### Work to be completed
Nothing outside the range is to be copied. From the entries below, reproduce exactly the lines starting at the one with "So first, I'm" and ending at the one with "Once you have", without pictures.
────────────────────
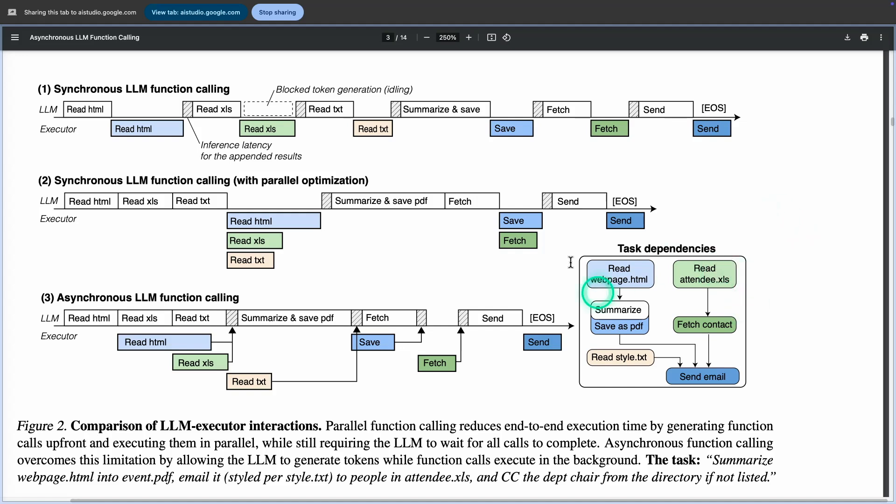So what is this specific thing about, the one I'm pointing to? You are pointing at the diagram labeled 3, Asynchronous LLM Function Calling. This diagram shows how, in Asynchronous Function Calling, the LLM can continue generating tokens for independent tasks while the function call executes in the background, resulting in reduced latency.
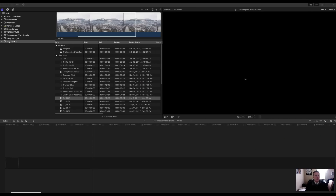What's up everybody? If you love that cool wall bending scene as much as I did in Inception, I'm going to show you how to do it right here today with some simple drone footage. Okay, let's hop right into it then.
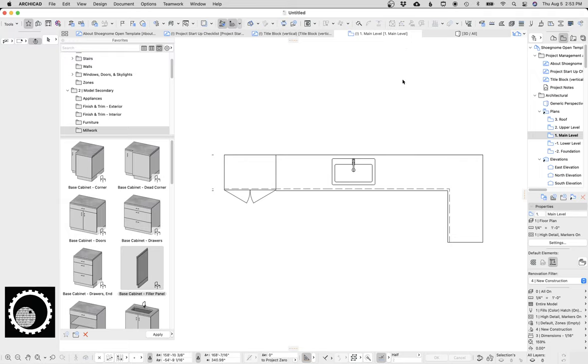Hi, this is Jared from ShoeGnome, and today I want to devote a whole video to talking about the good, the bad, and let's just say the ugly of the Archicad 25 cabinets.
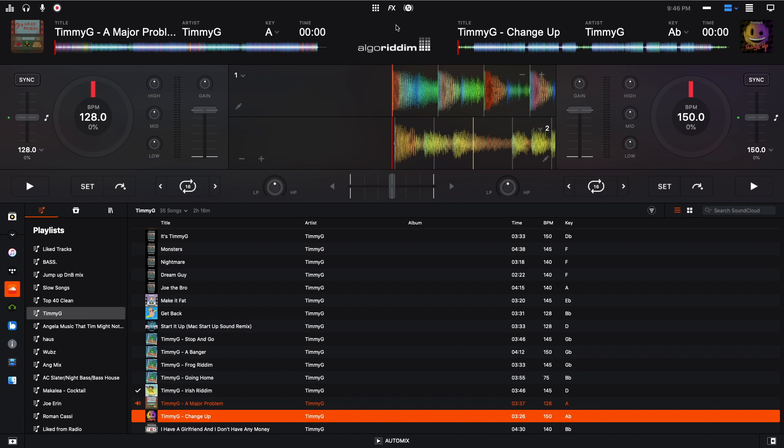So first, I'm going to go over how to sign up for SoundCloud Go Plus, and then if you want to, you can convert your Spotify library. So I'm going to go to my web browser right now.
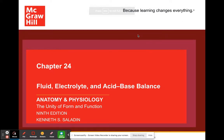Hello everybody, welcome to lecture number 15. Today we're going to begin chapter 24, which deals with fluid, electrolyte, and acid-base balance. We are going to get through the fluid and electrolyte portion of this chapter, and then on the next lecture we'll get to the acid-base balance.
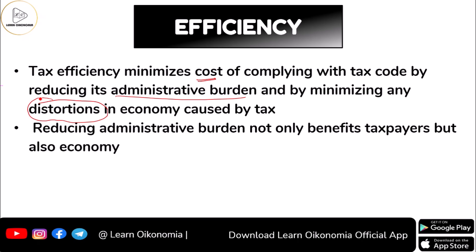Reducing the administrative burden of tax not only benefits the taxpayers, but also we could see that this would be benefiting the whole economy.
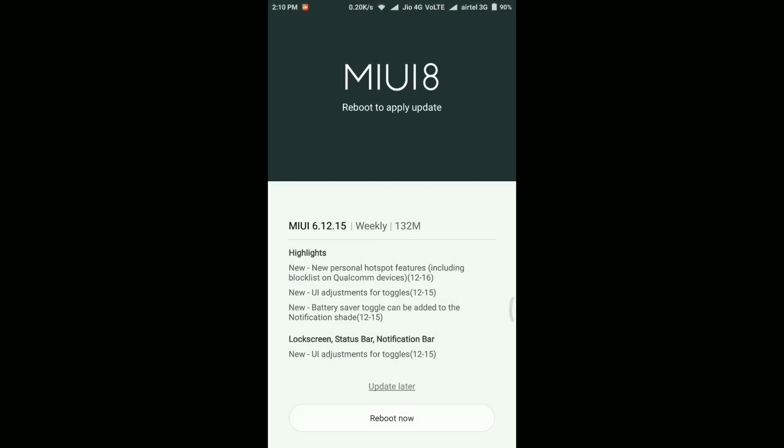Hey guys, welcome to Gamepoint. This is your host Amok and I'm back with another MIUI 8 update video. Today Xiaomi released MIUI 8 6.12.15 beta update for all the developer ROM. This is an update for the global developer ROM users and I just got it a few minutes back.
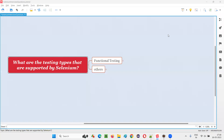Hello all, welcome to this session. In this session, I am going to answer one of the Selenium interview questions. That is, what are the testing types that are supported by Selenium? Let me answer.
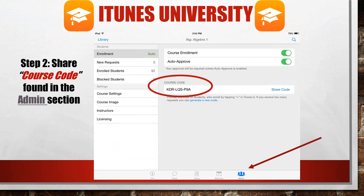Once you have your outline and enter a few materials, you can share your course code found in the admin section with your students. There are various ways to show this code. You can type it on your course syllabus, email it home to parents, or have it projected on your bulletin board. At the beginning of this school year, I included this course code in the middle school handbook given to every family. I also posted it on my bulletin board so that students can continuously enter throughout the school year.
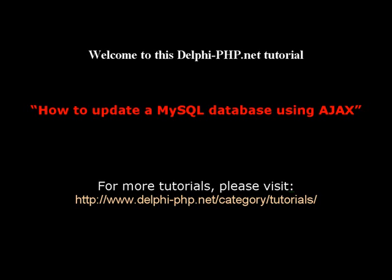Welcome to this tutorial where I'll be showing you how to update a MySQL database using Ajax.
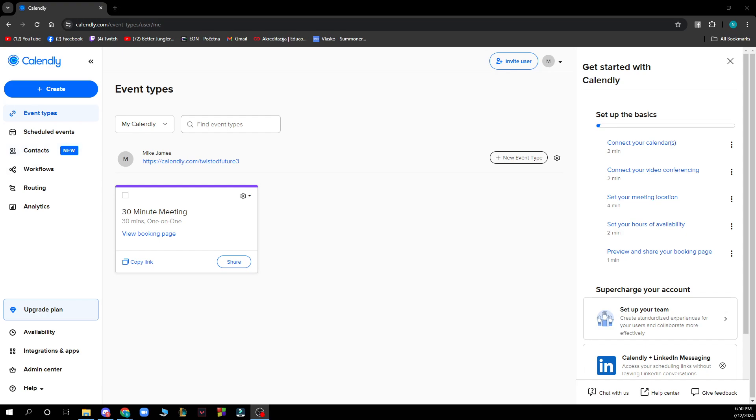The first thing you need to do is go to calendly.com slash event types, and you'll have a screen like this in front of you.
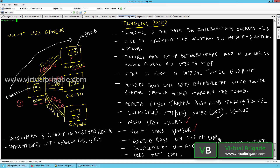Geneve runs on top of the UDP protocol. This protocol was collectively developed by VMware, Microsoft, Red Hat, and Intel, and it uses port number 6081.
────────────────────
### Reply to the task
So first, I'm going to go over how to sign up for SoundCloud Go Plus, and then if you want to, you can convert your Spotify library. So I'm going to go to my web browser right now.
Hello everybody, welcome to lecture number 15. Today we're going to begin chapter 24, which deals with fluid, electrolyte, and acid-base balance. We are going to get through the fluid and electrolyte portion of this chapter, and then on the next lecture we'll get to the acid-base balance.
Reducing the administrative burden of tax not only benefits the taxpayers, but also we could see that this would be benefiting the whole economy.
Hey guys, welcome to Gamepoint. This is your host Amok and I'm back with another MIUI 8 update video. Today Xiaomi released MIUI 8 6.12.15 beta update for all the developer ROM. This is an update for the global developer ROM users and I just got it a few minutes back.
Hello all, welcome to this session. In this session, I am going to answer one of the Selenium interview questions. That is, what are the testing types that are supported by Selenium? Let me answer.
Once you have your outline and enter a few materials, you can share your course code found in the admin section with your students. There are various ways to show this code. You can type it on your course syllabus, email it home to parents, or have it projected on your bulletin board. At the beginning of this school year, I included this course code in the middle school handbook given to every family. I also posted it on my bulletin board so that students can continuously enter throughout the school year.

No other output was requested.